En France, c’est l’AFP, l’agence France Presse, qui donne le “la” de l’info. L’AFP jouit d'une position dominante dans le paysage médiatique français grâce à son réseau de couverture mais surtout son statut : reconnue d'utilité publique, l’agence France Presse reçoit des subventions de l'État. Environ 135 millions d’euros chaque année dont près de 22 millions d’euros d’abonnement – à rapporter aux 8 millions de Politico…
Surtout, elle arrose toute la presse en fournissant clés en main (ses informations sont recopiées au mot près) un petit paquet de contenus, de photos, vidéos et infographies – c’est la mention “avec l’AFP” accolé aux articles.

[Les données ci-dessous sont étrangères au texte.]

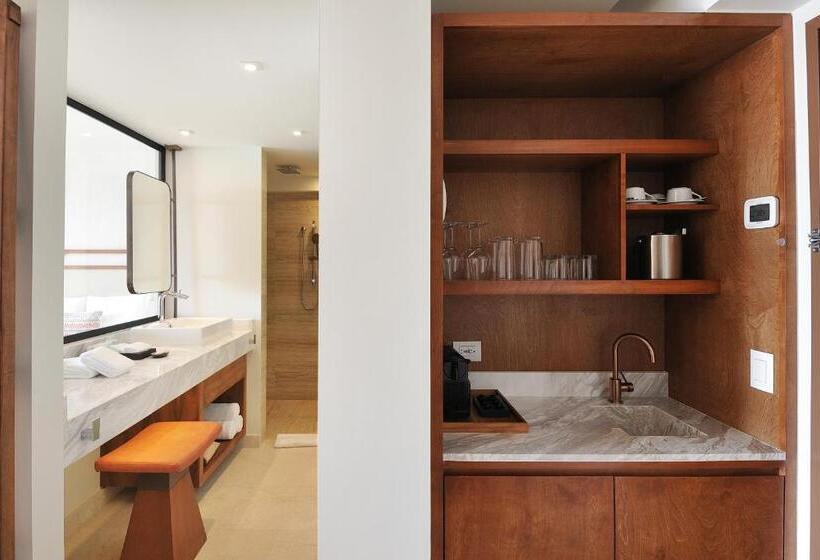 اتاق استاندارد با چشم‌انداز دریا, Corazón Cabo, a Noble House Resort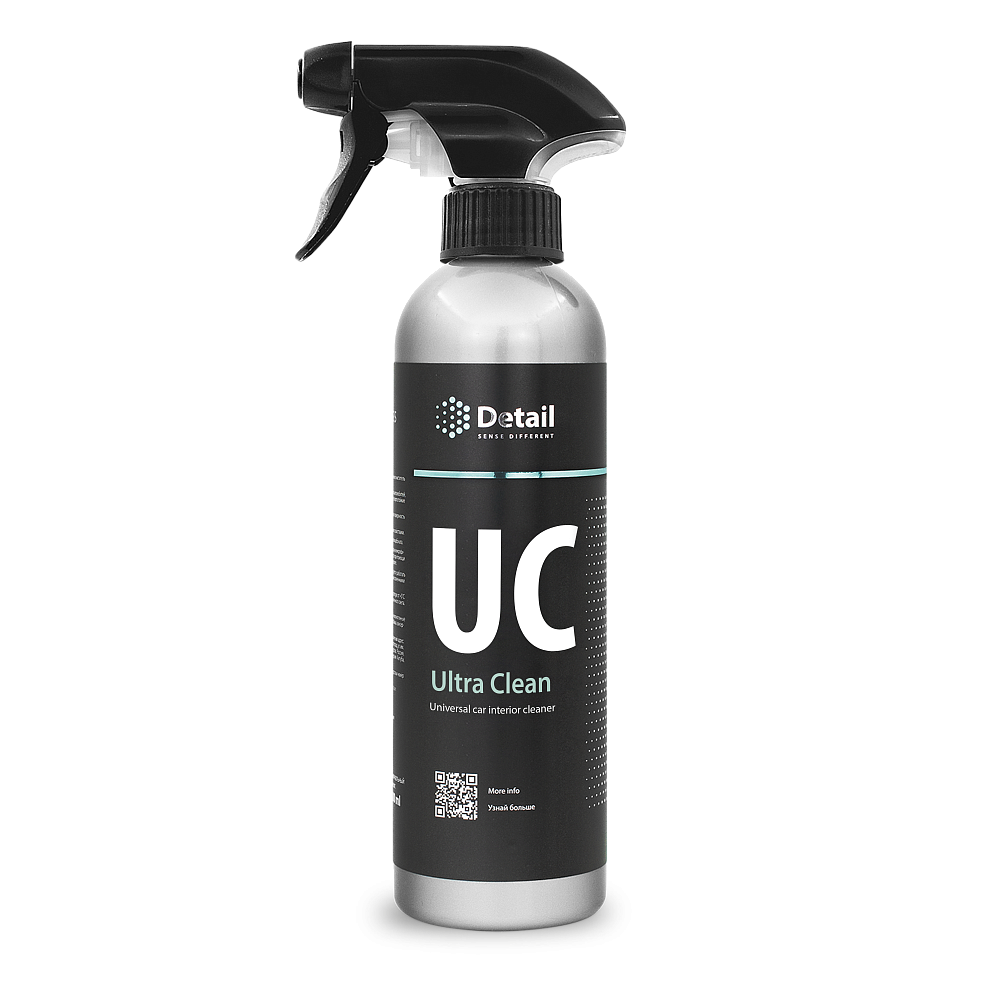 Очиститель универсальный UC "Ultra Clean" 500мл DETAIL DT-0108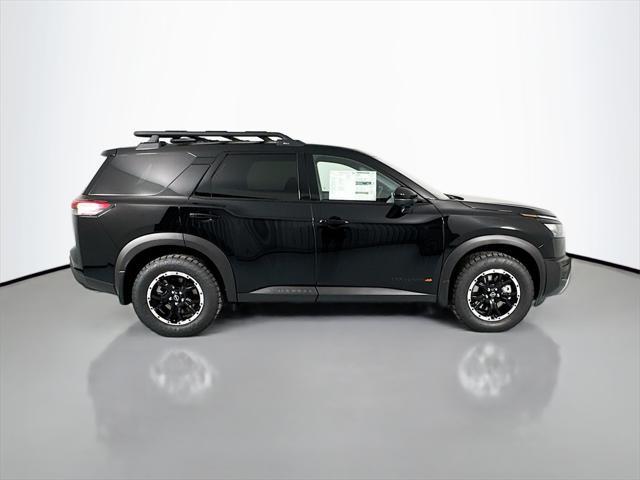 new 2025 Nissan Pathfinder car, priced at $43,518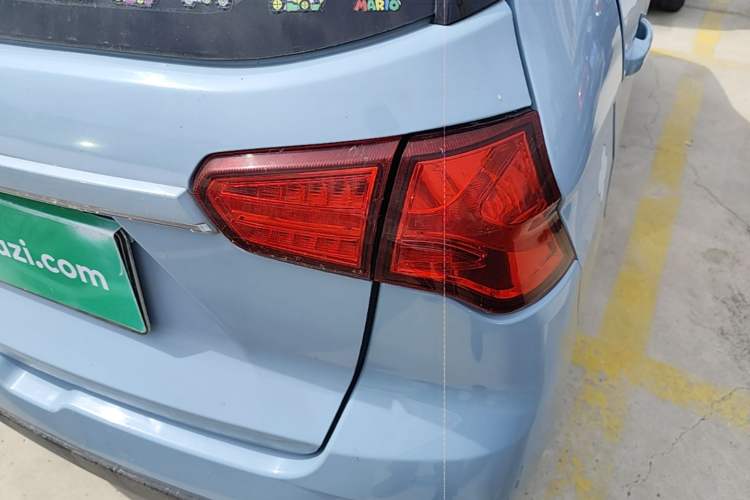Used LINGBOX COCO 2021 Alliance Pro Edition Right Rear Taillight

C’est ainsi que l’on retrouve à peu près les mêmes informations, nationales comme internationales, dans toute la presse française. Qui ne dévient pas beaucoup du discours officiel. Et qui valent à l’AFP le sobriquet d’Agence Fake Press, référence notamment à sa rubrique Fact-check.
Un cas d’école que ces rubriques de fact-checking – faut-il comprendre que hors ces rubriques dédiées, les faits ne sont pas vérifiés ? – que l’on retrouve un peu partout dans la presse traditionnelle. Nombre d’entre elles ont été impulsées et financées par la Commission européenne dans le cadre ou en marge d’appels à projets. Bruxelles a ainsi alloué plusieurs millions d’euros à la “vérification des faits” sans que l’on s’y retrouve bien dans les financements, empêchant d’avoir une vision globale des montants engagés. La transparence à l’européenne…
On y voit un peu plus clair quand on observe les comptes outre-Atlantique.
Comme pour Politico, l’AFP doit beaucoup au dollar. “Entre 2017 et 2024, a calculé la journaliste indépendante Amélie Ismaïli, l'AFP a touché près de 8 millions de dollars de l'US Agency for Global Media, l'agence fédérale américaine chargée de superviser les médias du "soft power" américain à l'échelle internationale (Voice of America, Radio Free Europe, etc)”.
Comme pour Politico, l’envolée a commencé avant le premier mandat de Trump. Avant que les achats de services ne doublent dès la fin 2020, sous Biden.
“Il ne s'agit pas de simples "abonnement" pour la réception de dépêches d'actualité, à l'instar de nombreux gouvernements dans le monde, souligne la journaliste. Selon les informations disponibles, ces contrats qui représentent plus de 1 million de dollars par an comprennent une diversité de services, incluant l'abonnement aux dépêches et images fournies par l'AFP, les droits de rediffusion dans les médias supervisés par l'USAGM, mais aussi des prestations de conseil, des missions d'informations stratégiques, l'accès à la base de données sécurisée pour des contenus particuliers ou encore des collaborations pour la promotion du "fact-checking" et des "informations fiables" dans des pays où "la liberté de la presse est menacée".
“De tels montants devraient au minimum interroger quant à l'influence de cette agence américaine sur le contenu éditorial de la principale agence de presse française”.
Le ministère de la santé , la Food and Drug Administration (FDA) et les Centers for desease Control and Prévention (CDC) ont été les plus gros souscripteurs avec près de 7 millions de dollars.
“Let’s be clear: POLITICO has no financial dependence on the government and no hidden agenda. We cover politics and policy — that’s our job.” (Source The Hill).
Le journal avait largement relayé une lettre signée par plus de cinquante anciens responsables du renseignement américain suggérant que les révélations concernant le portable de Hunter Biden avaient "tous les signes distinctifs d'une opération d'information russe” alors que le contenu du texte précisait que les signataires n'avaient pas de preuves directes de l'implication russe. Par la suite, des ex-reporters de Politico, comme Marc Caputo et Tara Palmeri, avaient critiqué les décisions éditoriales du journal concernant la couverture de cet épisode. Affirmant que des directives de "haut niveau" avaient conduit à une couverture minimaliste ou à la suppression de certaines histoires.